Procedure

1. TOEPASSELIJKE REGELGEVING

  • Titel 4 van Boek XVI van het wetboek van economisch recht (wet van 4 april 2014);
  • Koninklijk besluit van 16 februari 2015 tot verduidelijking van de voorwaarden waaraan de gekwalificeerde entiteit bedoeld in boek XVI van het wetboek van economisch recht moet voldoen;
  • Richtlijn 2013/11/EU van het Europees Parlement en de Raad van 21 mei 2013 betreffende alternatieve beslechting van consumentengeschillen;
  • Boek IV van deel 2 van het Gerechtelijk Wetboek (artikelen 509 tot 555/2);
  • De deontologische code van de gerechtsdeurwaarders.

2. BEVOEGDHEID VAN DE OMBUDSMAN

2.1 CONSUMENTENGESCHILLEN

De ombudsman van de gerechtsdeurwaarders is een gekwalificeerde entiteit voor de buitengerechtelijke regeling van consumentengeschillen, onafhankelijk en onpartijdig in de zin van boek XVI van het wetboek van economisch recht en aldus erkend door de federale overheidsdienst economie.

De ombudsman van de gerechtsdeurwaarders is bevoegd om elke aanvraag tot tussenkomst in een consumentengeschil bedoeld in artikel I, 19, 2° van het Wetboek Economisch Recht te behandelen. In deze context wordt met “consumentengeschil” bedoeld : een contractueel geschil waarin de consument zich bevindt met de (kandidaat-) gerechtsdeurwaarder in verband met de uitoefening van zijn beroep.

Hoewel er geen contractuele relatie is tussen de gerechtsdeurwaarder en de schuldenaar (die het voorwerp uitmaakt van een procedure tot invordering van schulden), kan de procedure tot buitengerechtelijke geschillenregeling beschouwd worden als een onderdeel van de uitvoering van een consumentenovereenkomst indien de onderliggende overeenkomst een consumentenovereenkomst is.

De tuchtrechtelijke regeling van geschillen is uitgesloten van de bevoegdheid van de ombudsman.

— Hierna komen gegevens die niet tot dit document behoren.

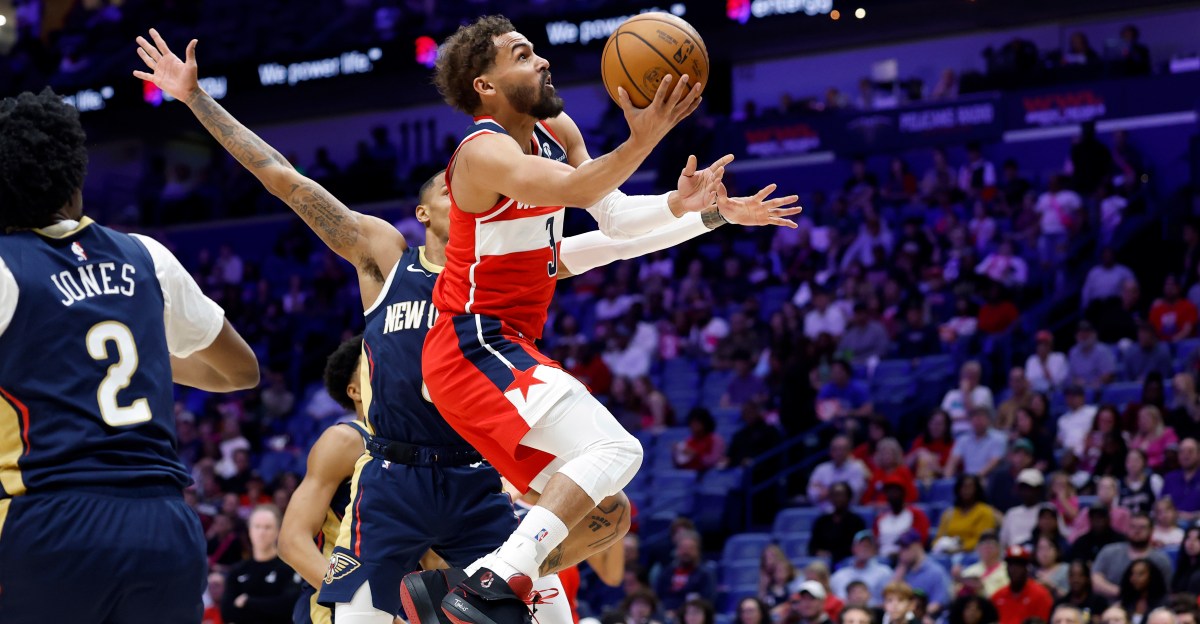 The Tank Rolls On: Wizards Drop 8th Straight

De ombudsman geeft een antwoord op vragen om informatie die betrekking hebben op de procedure inzake de buitengerechtelijke geschillenregeling, ongeacht de hoedanigheid van de aanvrager.

De ombudsman geeft een antwoord op vragen om informatie die betrekking hebben op de procedure inzake de buitengerechtelijke geschillenregeling, ongeacht de hoedanigheid van de aanvrager.

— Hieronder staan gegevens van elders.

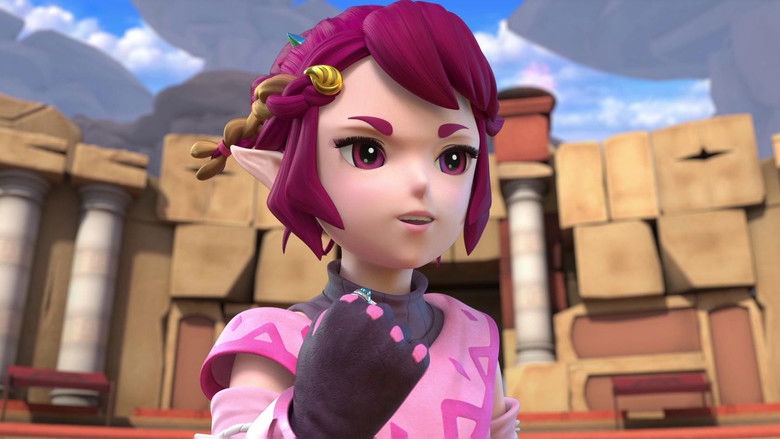 Still image for Armor Monster season 1 episode 30: Episode 30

2.2 NIET – CONSUMENTENGESCHILLEN

De ombudsman van de gerechtsdeurwaarders is buiten zijn bevoegdheid als gekwalificeerde entiteit voor de buitengerechtelijke regeling van consumentengeschillen, in de zin van boek XVI van het wetboek van economisch recht bevoegd om elke aanvraag tot tussenkomst van een derde die zich in een geschil met een (kandidaat-) gerechtsdeurwaarder bevindt in verband met de uitoefening van zijn beroep te behandelen.

De tuchtrechtelijke regeling van geschillen is uitgesloten van de bevoegdheid van de ombudsman.

Onder derden wordt begrepen elke andere persoon dan deze bedoeld door 2.1 van dit reglement met uitzondering van de (kandidaat-) gerechtsdeurwaarders, hun medewerkers en de organen van hun professionele orde.

De bevoegdheid beschreven onder 2.2 betreft de regeling van niet-consumentengeschillen waar de ombudsman niet optreedt als erkende gekwalificeerde entiteit in de zin van boek XVI van het wetboek economisch recht.

De ombudsman geeft een antwoord opvragen om informatie die betrekking hebben op de buitengerechtelijke geschillenregeling, ongeacht de hoedanigheid van de aanvrager.

3. GERECHTSDEURWAARDER

De bepalingen van dit reglement zijn van toepassing op de gerechtsdeurwaarders en op de kandidaat-gerechtsdeurwaarders die leden van de Nationale Kamer van gerechtsdeurwaarders zijn.

4. TAAL VAN DE PROCEDURE

De aanvrager kan zijn aanvraag indienen in het Frans, in het Nederlands of in het Duits.

De procedure verloopt in de taal van de aanvraag.

Voor de noodwendigheden van de procedure en indien de ombudsman het noodzakelijk acht, kunnen bepaalde mededelingen en/of documenten, opgesteld in de andere taal, aanvaard worden; naargelang het geval in het Frans, in het Nederlands of in het Duits. In dat geval zorgt de ombudsman voor een vertaling ervan in de taal van de procedure.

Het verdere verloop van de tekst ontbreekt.